Published: 26 Dec 2024, Last Modified: 13 Feb 2025IEEE TRANSACTIONS ON SYSTEMS, MAN, AND CYBERNETICS: SYSTEMSEveryoneRevisionsCC0 1.0

Abstract: Current methods of multiperson pose estimation (MPPE) typically treat the human detection and association of joints separately. They introduce complex hand-crafted poseprocesses like RoI cropping, NMS and grouping or rely on dense representations to preserve the spatial features. In this article, we dive a deeper thought into this task and propose a simpler and effective framework, termed SparsePose, which can directly predict multiperson joint coordinates from the full image without any post-processes and dense representations.
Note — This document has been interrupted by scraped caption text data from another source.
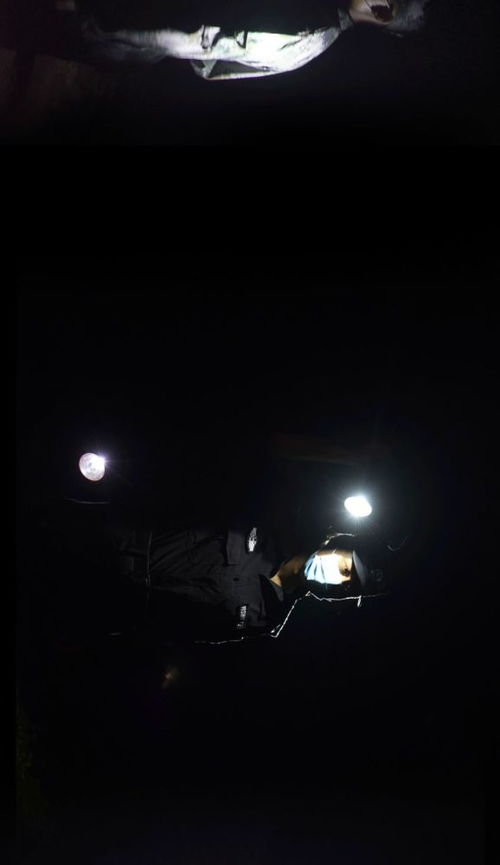 夜色中一位母亲守护在井口旁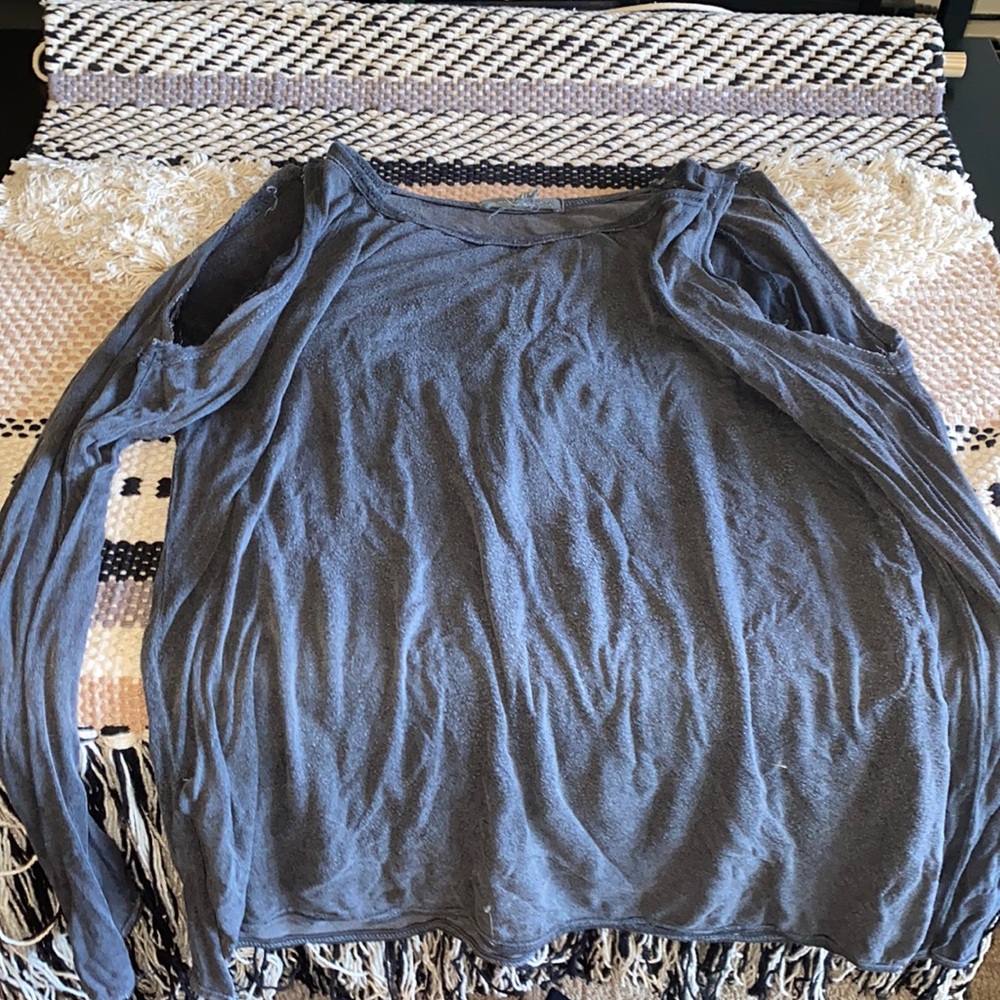 Cold shoulder top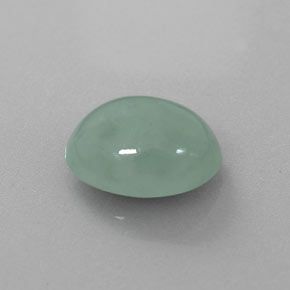 Jadéite vert naturelle coupe ovale, 5,35 ct, translucide
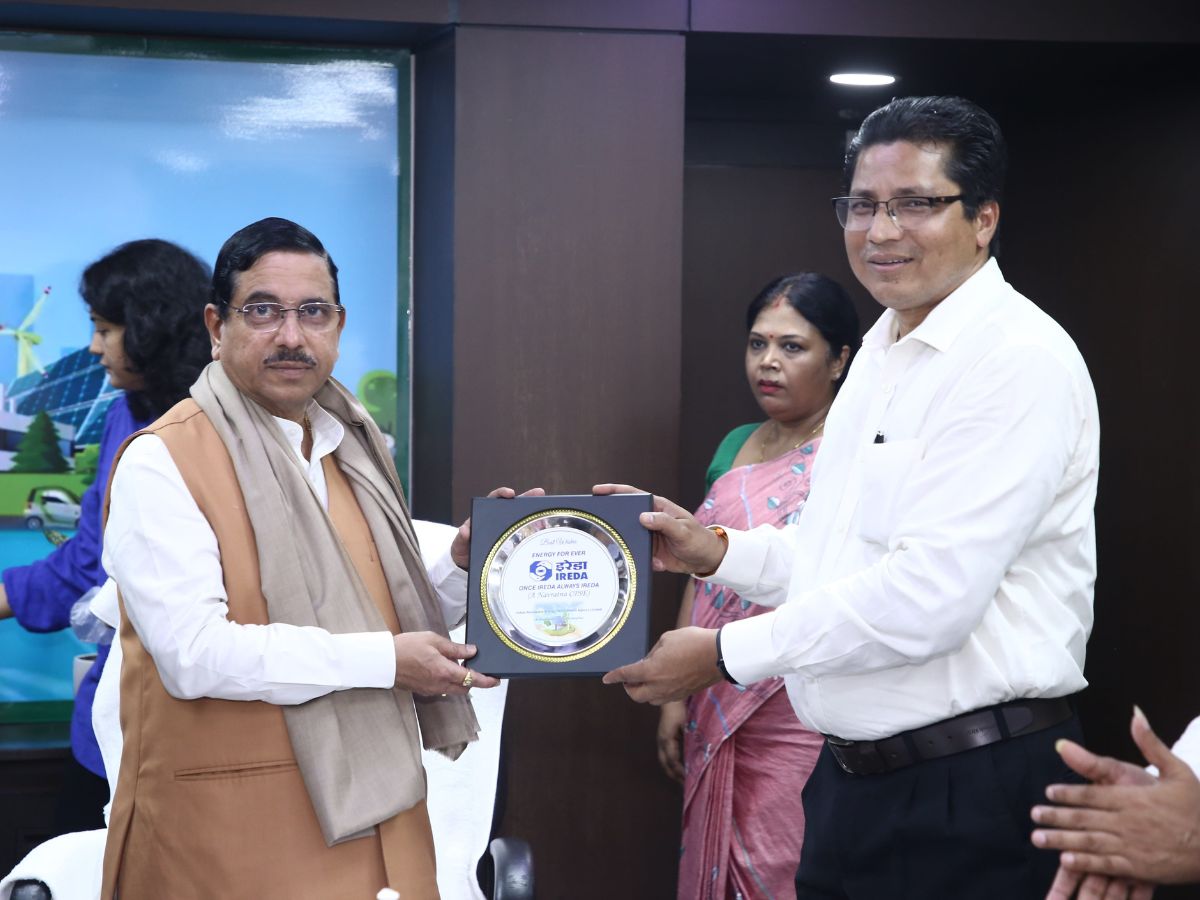 Minister Pralhad Joshi Visits IREDA Office, Reviews Company’s Strategic Growth Plan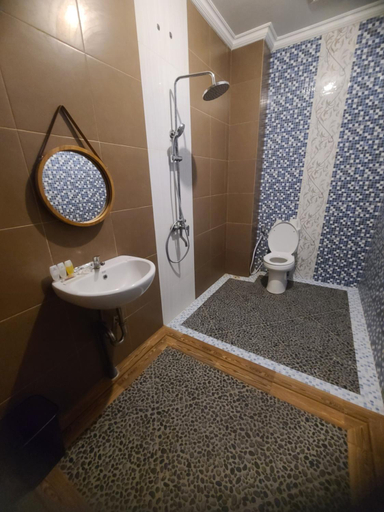Bathroom 5, Batur Basecamp, Bangli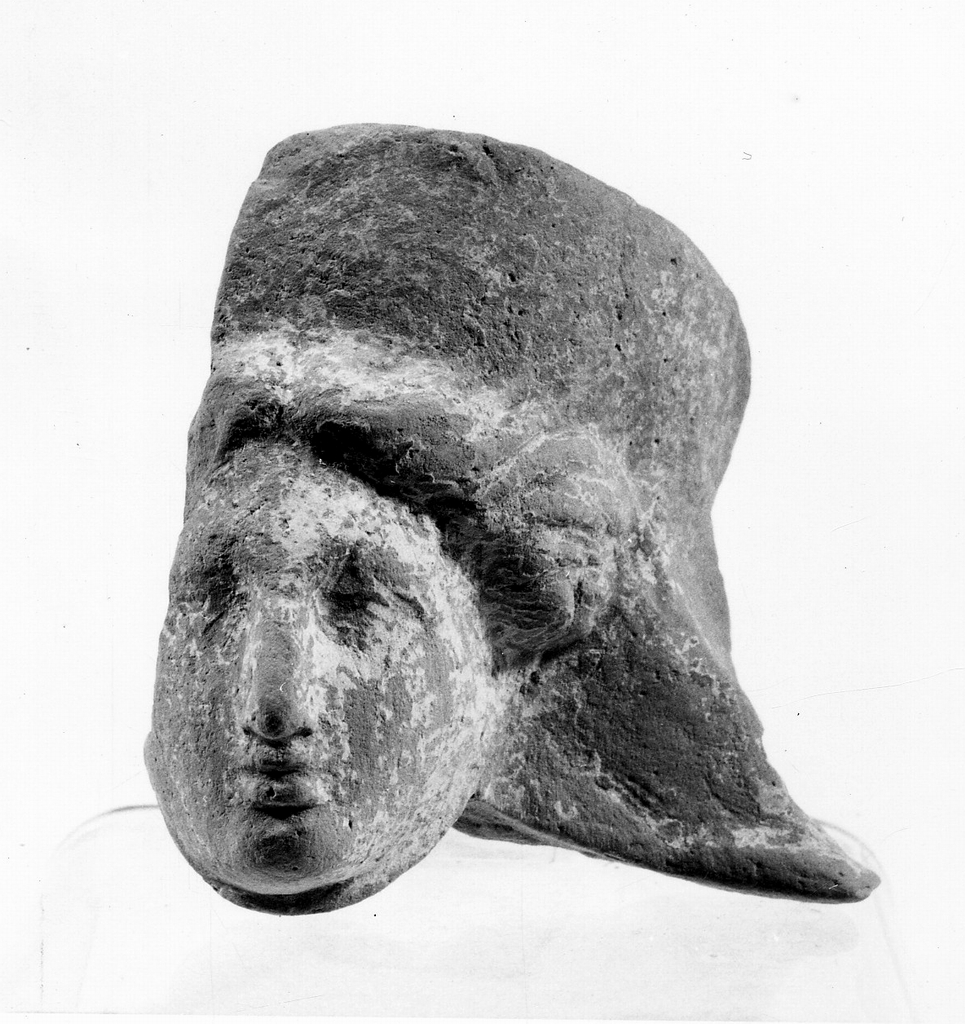 Persephone-Kore (terracotta figurata) - fabbrica tarantina (sec. IV a.C)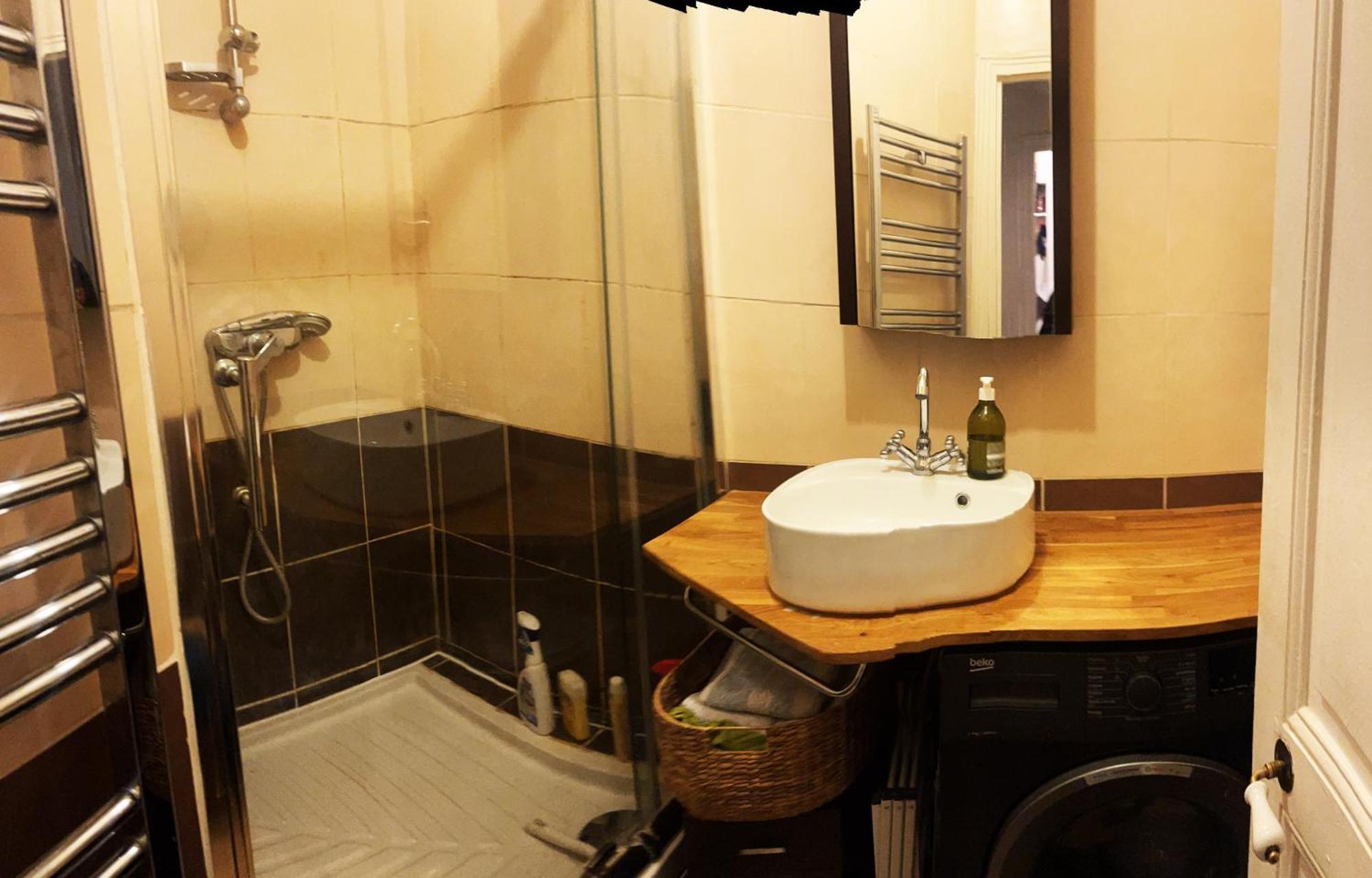 Flat In Montmartre/abbesses Apartment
In SparsePose, the full-body instances are decoupled by exploring spatialaware feature learning (SFL) without box and classification supervision. For improving the quality of instance map, the instance contrastive constraint (ICC) and center correction (CC) strategy are proposed to make the instance-wise spatial feature more discriminative. Importantly, we propose a visibility-guided weighting mechanism to enable model be confident to the visible joint predictions and insensitive to the occlusions or partial bodies. In general, SparsePose is conceptually simpler and plays favorably against the existing counterparts on three benchmarks in terms of both accuracy and efficiency.